Javascript has a 2D graphics API which accesses the canvas drawing area, which is how games can be written. But just because it only has a 2D API, don't let that make you think 3D isn't possible.
For a start, you could simply write your own 3D engine, which uses normal 2D functions to generate a 3D object and render the 2D projection on the canvas. Doing so just requires a bit of mathematics.
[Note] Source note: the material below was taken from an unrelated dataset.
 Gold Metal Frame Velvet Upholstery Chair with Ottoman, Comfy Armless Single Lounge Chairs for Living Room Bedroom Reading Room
But making it a huge and playable game is where it gets difficult.

You could create a whole 3D engine if you wanted, but there are people working on a standard for 3D. It's called WebGL, and it does what I just described, but it simplifies it by allowing you to just call the functions, rather than having to think up all that complicated stuff yourself.


To get started with using the HTML5 Canvas, try this introduction to using the HTML5 Canvas.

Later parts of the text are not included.